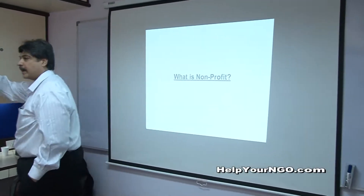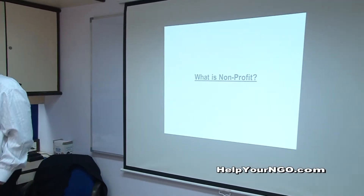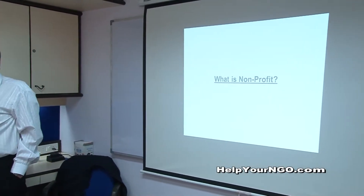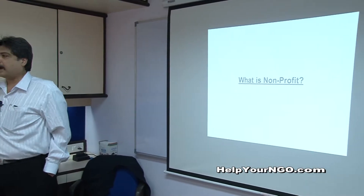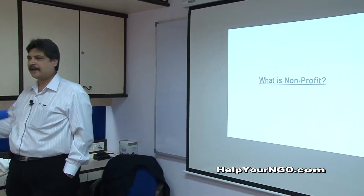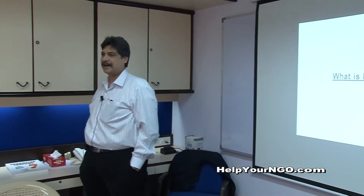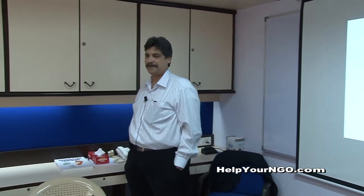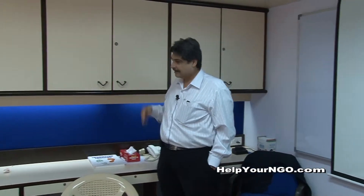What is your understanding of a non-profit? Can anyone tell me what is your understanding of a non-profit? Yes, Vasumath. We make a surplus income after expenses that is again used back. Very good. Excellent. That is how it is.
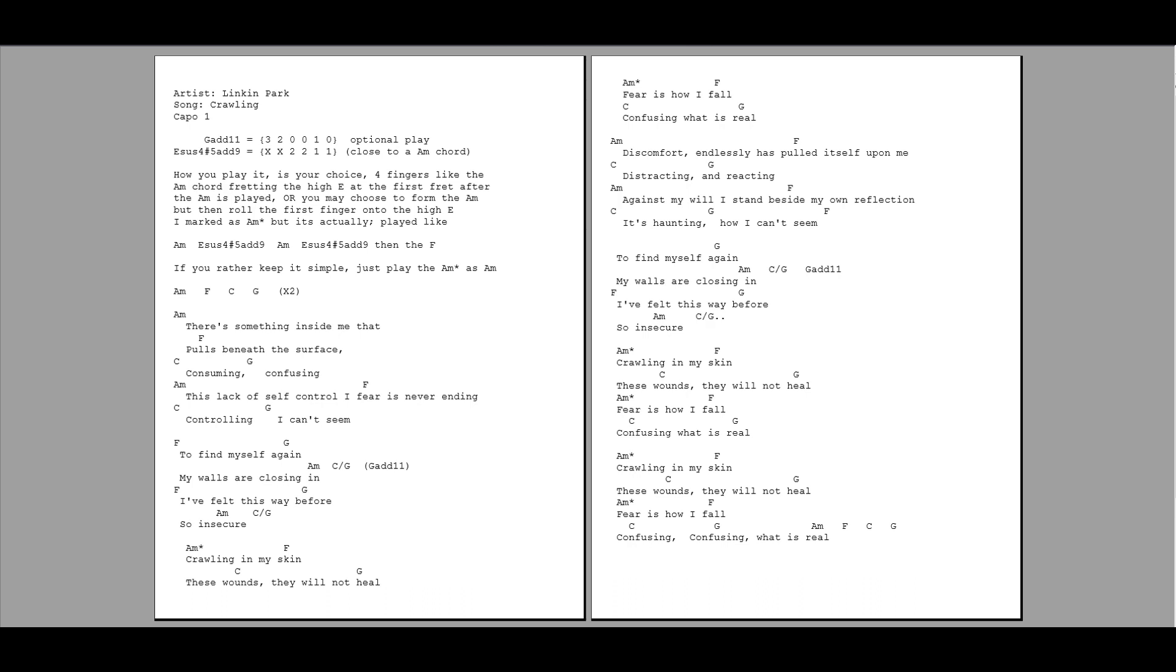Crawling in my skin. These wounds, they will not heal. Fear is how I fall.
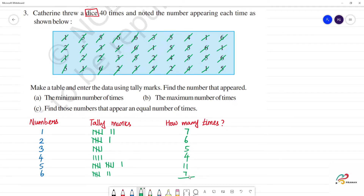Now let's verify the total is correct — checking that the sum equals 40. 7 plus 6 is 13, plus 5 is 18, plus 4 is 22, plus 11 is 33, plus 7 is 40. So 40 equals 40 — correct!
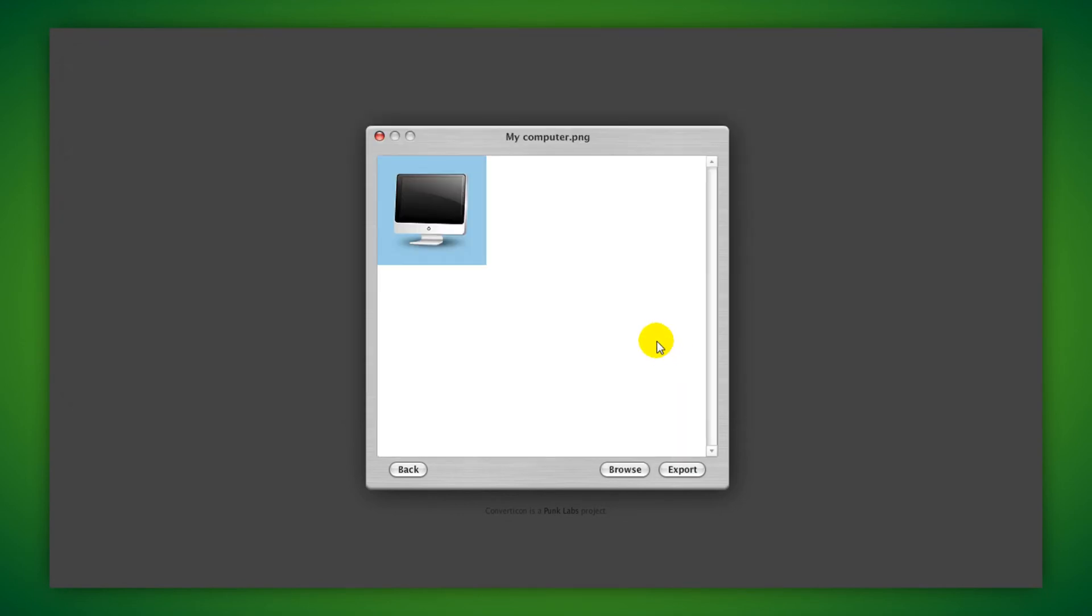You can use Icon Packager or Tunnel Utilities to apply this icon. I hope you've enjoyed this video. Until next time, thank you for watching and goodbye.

§ §

• [Problem to solve]:
Repeat, exactly and in full, all the material above except its pictures.

• [Output for this task]:
What is your understanding of a non-profit? Can anyone tell me what is your understanding of a non-profit? Yes, Vasumath. We make a surplus income after expenses that is again used back. Very good. Excellent. That is how it is.
Crawling in my skin. These wounds, they will not heal. Fear is how I fall.
Now let's verify the total is correct — checking that the sum equals 40. 7 plus 6 is 13, plus 5 is 18, plus 4 is 22, plus 11 is 33, plus 7 is 40. So 40 equals 40 — correct!
You can use Icon Packager or Tunnel Utilities to apply this icon. I hope you've enjoyed this video. Until next time, thank you for watching and goodbye.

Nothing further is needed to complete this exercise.